Source data –
▬▬▬▬▬▬
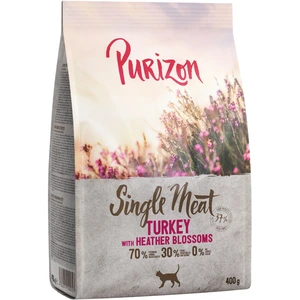 400g Single Meat dinde, fleurs de bruyère sans céréales Purizon Croquettes pour chat : -15 % ! pas cher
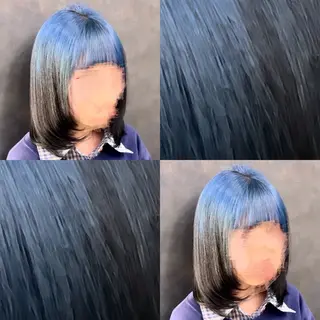 セミロング カラー 問屋町のブリーチデザ イン屋さん🌈ゆうまのヘアスタイル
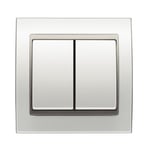 Conmutador doble blanco Perla Mabe, serie Mega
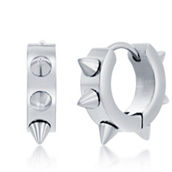Metallo Stainless Steel 19mm Spike Huggie Hoop Earrings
▬▬▬▬▬▬
What is expected –
Reproduce the lines from the one with "Conmutador doble blanco" through the end of the data, keeping both end lines, adding nothing, and dropping any pictures.

Result of the exercise –
 Conmutador doble blanco Perla Mabe, serie Mega
Metallo Stainless Steel 19mm Spike Huggie Hoop Earrings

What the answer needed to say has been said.